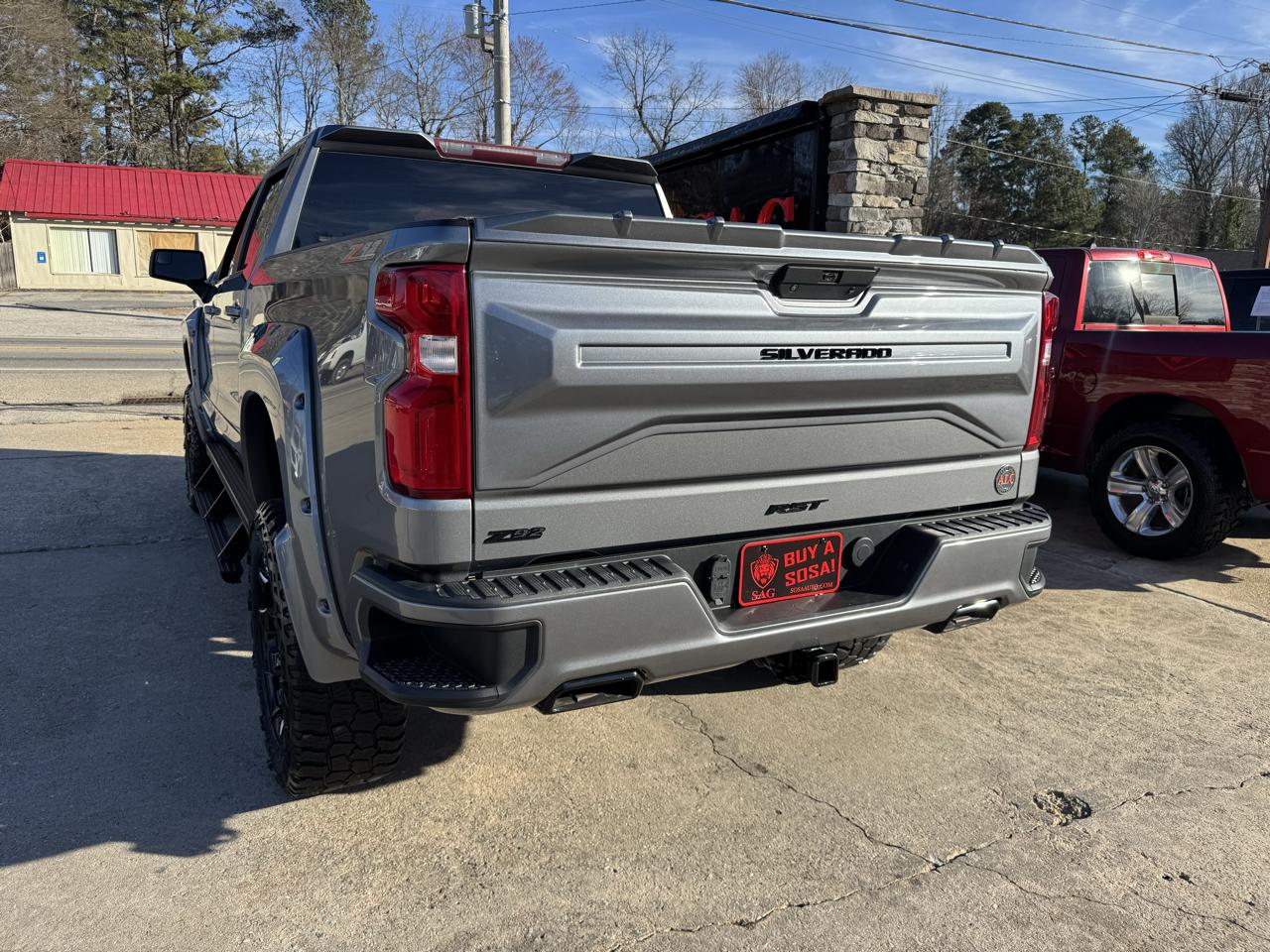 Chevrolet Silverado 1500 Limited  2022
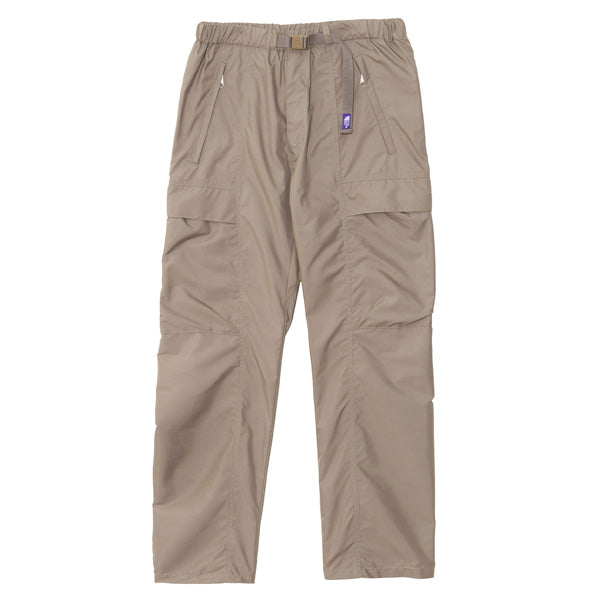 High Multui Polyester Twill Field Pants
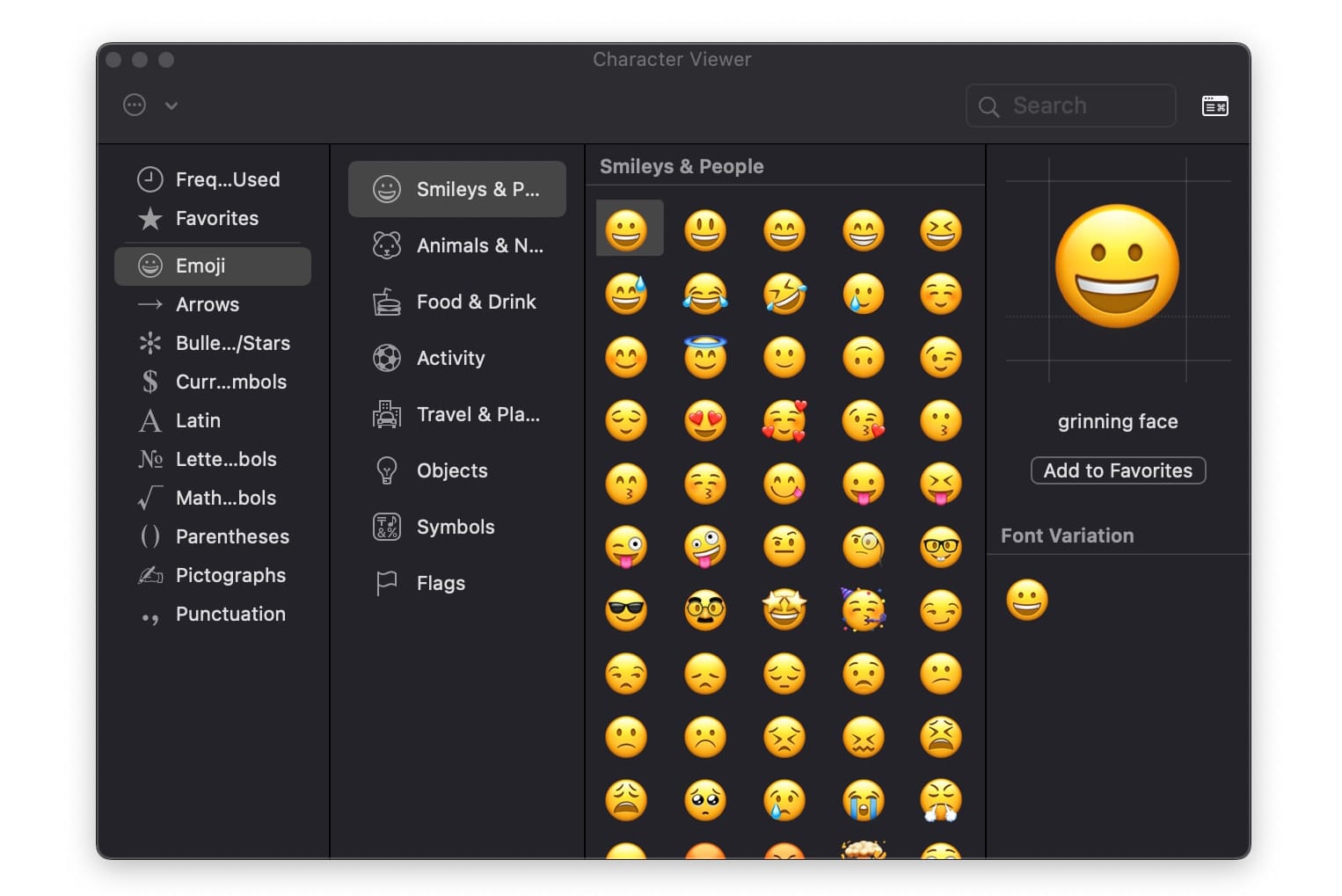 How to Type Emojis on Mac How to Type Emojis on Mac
---
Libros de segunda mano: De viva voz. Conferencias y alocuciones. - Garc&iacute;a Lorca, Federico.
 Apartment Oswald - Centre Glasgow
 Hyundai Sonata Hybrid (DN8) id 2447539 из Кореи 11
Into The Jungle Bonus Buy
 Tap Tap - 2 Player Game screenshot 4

:: TASK INSTRUCTIONS ::
Take the line above containing "Hyundai Sonata Hybrid", the line containing "Tap Tap - 2 Player Game screenshot 4", and all lines in between, and copy them exactly without anything else.

:: SOLUTION FOR THIS PROBLEM ::
 Hyundai Sonata Hybrid (DN8) id 2447539 из Кореи 11
Into The Jungle Bonus Buy
 Tap Tap - 2 Player Game screenshot 4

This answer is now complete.